Reporters covering the trial surmise, with good reason, that the evidence probably relates to secret sites maintained by the Central Intelligence Agency where Mohammed and others were waterboarded. That was torture within the meaning of U.S. law, far in excess of what was permitted even by Justice Department memos justifying harsh interrogation techniques.
Mohammed’s lawyer, Major Derek Poteet, proposes that the judge and the prosecutor should be disqualified as a result of what he considers collusion to destroy evidence. That remedy is probably too extreme in the light of what we know -- or should I say in its shadow, since what we know is pretty dark.

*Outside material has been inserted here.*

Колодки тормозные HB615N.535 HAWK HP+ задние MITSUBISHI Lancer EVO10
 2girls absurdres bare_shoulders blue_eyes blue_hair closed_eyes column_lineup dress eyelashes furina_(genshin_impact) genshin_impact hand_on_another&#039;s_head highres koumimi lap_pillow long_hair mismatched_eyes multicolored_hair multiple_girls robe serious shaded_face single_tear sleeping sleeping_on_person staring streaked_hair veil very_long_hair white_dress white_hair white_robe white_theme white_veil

But the exercise of trying to decide what to think about the motion proves something much deeper: The Guantanamo tribunal is looking like a shadow of the rule of law, not the real thing. The combination of extreme secrecy and confirmed facts of government torture make it hard to recognize familiar aspects of a criminal trial, even one for crimes as heinous as the World Trade Center attacks.
So what evidence might have been destroyed? Two possibilities loom large.
One is that the evidence destroyed was a torture site itself.
In 2013, the Guantanamo tribunal judge issued an order requiring the government “to ensure the preservation of any overseas detention facilities still within the control of the United States unless otherwise ordered.”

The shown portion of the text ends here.